140. Memorandum From Secretary of State Kissinger to President Ford1


  • Controlling and Reporting U.S. Employment in Embassies

Over the past four years, U.S. employment by all agencies in diplomatic missions abroad has been reduced by almost twenty-five percent, pursuant to President Nixon’s directive to cut the size of our overseas posts. The reduction has taken place under the aegis of the NSC Under Secretaries Committee (USC) personnel reporting and control system known as OPRED.

OPRED expired on June 30, 1974. The Chairman of the USC, Mr. Ingersoll, has now asked you to approve a new directive which would modify the old system in minor ways and extend it indefinitely (Tab B).2 The new system would be called MODE—Monitoring Overseas Direct Employment.

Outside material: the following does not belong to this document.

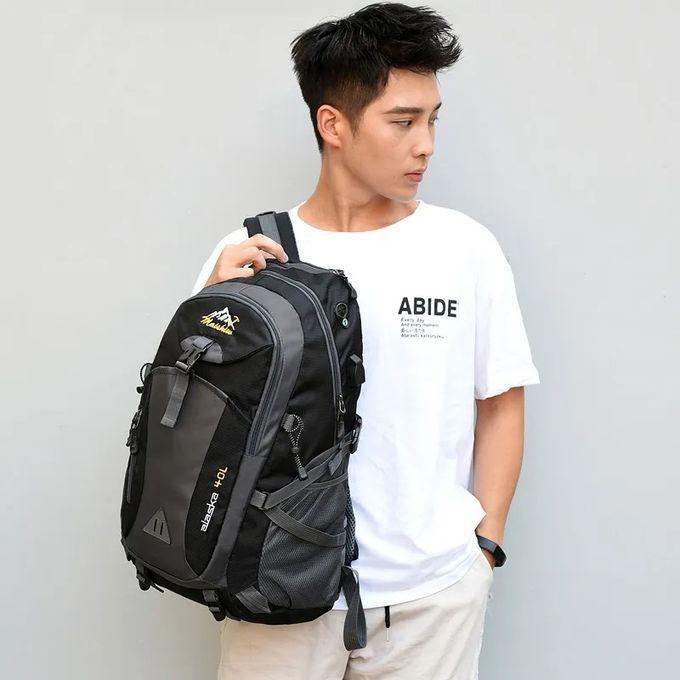40L Unisex Camping Bag Waterproof Laptop Hiking Backpacks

Mr. Clements does not agree with the MODE proposal (Tab D).3 He believes the reductions which the Department of Defense has made make MODE controls superfluous. While not adverse to the reporting functions in MODE, he believes that the control functions are too rigid and cumbersome. He also wants to exempt Defense Attachés altogether.

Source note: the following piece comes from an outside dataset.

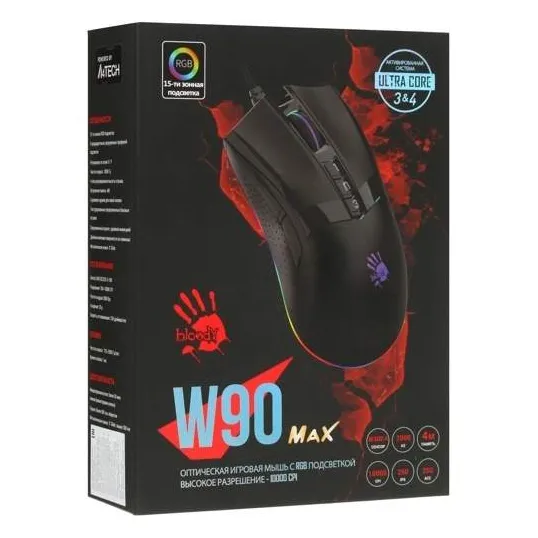 Мышь Bloody W90-Max Black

Mr. Ingersoll believes MODE should have both control and reporting functions. CIA and OMB concur in the MODE directive. (Tabs B and C).4

I believe that permanent machinery is needed to control the tendency of all bureaucracies to expand. Moreover, such machinery should embrace all elements of diplomatic missions. It should facilitate reporting both to you and to Congress, as necessary, and allow efficient reprogramming of personnel to priority functions within existing ceilings. Such controls are a critical foreign policy management tool as [Page 488] well as a buttress of economical operations. The USC which is in the best position to ensure prompt and objective adjudication of inter-agency disputes, should be charged with these responsibilities.

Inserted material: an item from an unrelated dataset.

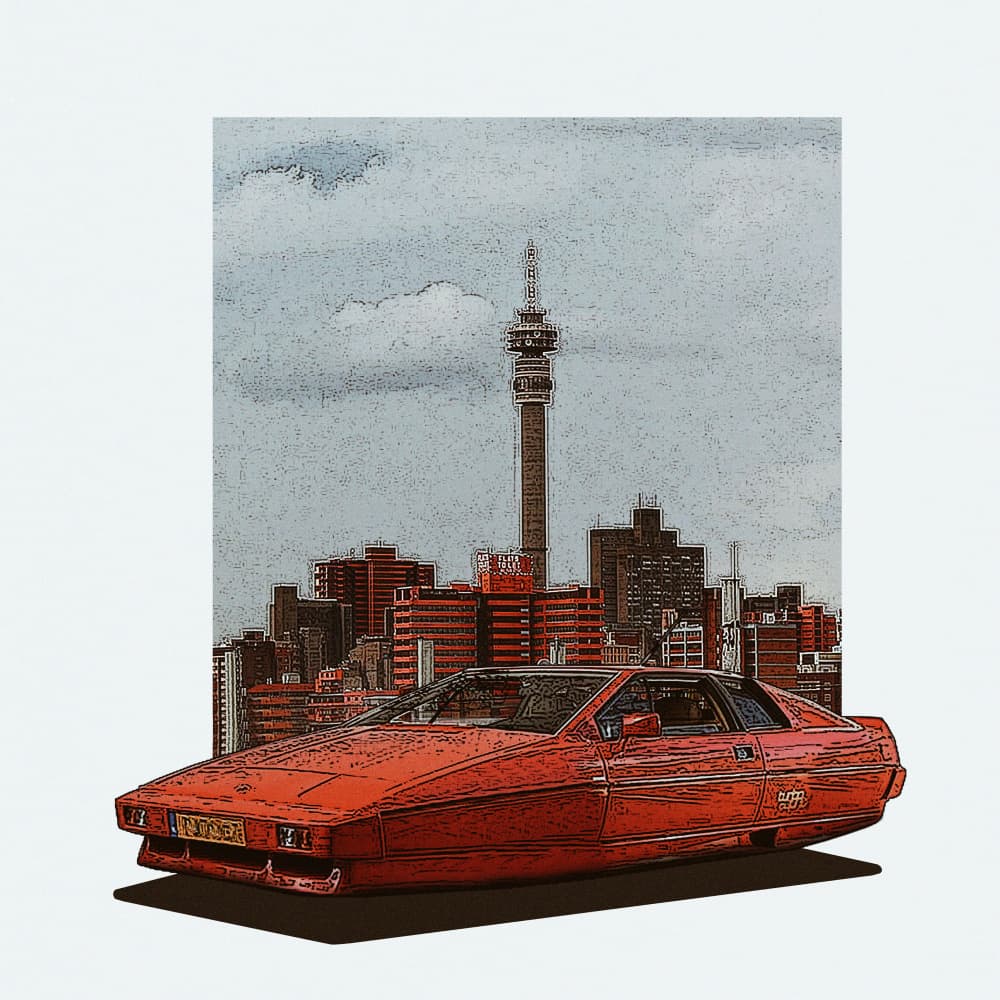 Johannesburg Retro Drive by Mathabela Madiela — canvas wall art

The proposed directive at Tab A5 would give effect to these views and approve the Under Secretaries Committee Chairman’s proposal.


That you authorize me to sign Tab A.6

  1. Source: National Archives, Nixon Presidential Materials, NSC Files, NSC Institutional Files (H-Files), Box H–276, Under Secretaries Decision Memoranda, U/DM 96–97. Confidential. Sent for action. Scowcroft initialed the memorandum on behalf of Kissinger. A stamped notation at the top of the page indicates that the President saw the memorandum.
  2. Attached but not printed.
  3. Clements’s July 13 memorandum to Ingersoll expressing his concerns is attached but not printed.
  4. Attached but not printed.
  5. The October 14 memorandum to Ingersoll, as signed by Scowcroft on Kissinger’s behalf, is attached but not printed.
  6. Ford initialed his approval.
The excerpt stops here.